[WHAT YOU ARE ASKED TO DO]
Exactly the lines from the one holding "Türkiye Bumper Sticker (Front)" through the end of the material below must be printed, nothing more, and the pictures must be dropped.

[DATA EXCERPT]
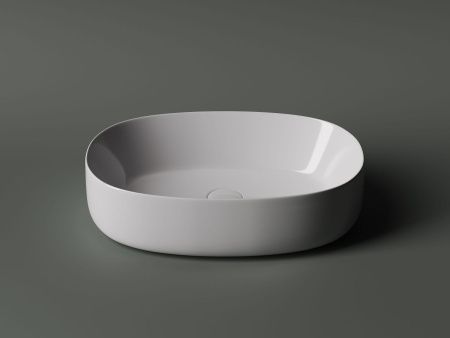 Раковина из сантехнического фарфора Ceramica Nova ELEMENT CN5023 50х40 накладная цвет белый без отверстий под смеситель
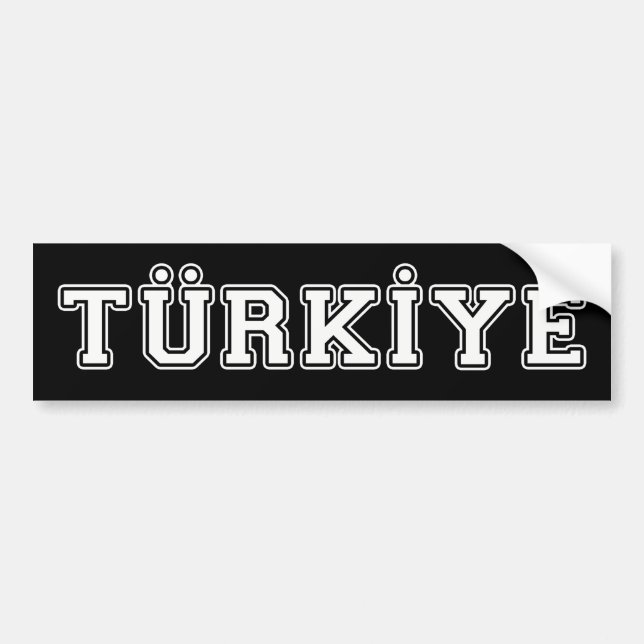 Türkiye Bumper Sticker (Front)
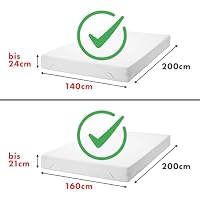 Jacobson Jersey Spannbettlaken Spannbetttuch Baumwolle Bettlaken (140x200-160x200 cm, Grau) – Ansicht 4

[ANSWER TO THIS TASK]
 Türkiye Bumper Sticker (Front)
 Jacobson Jersey Spannbettlaken Spannbetttuch Baumwolle Bettlaken (140x200-160x200 cm, Grau) – Ansicht 4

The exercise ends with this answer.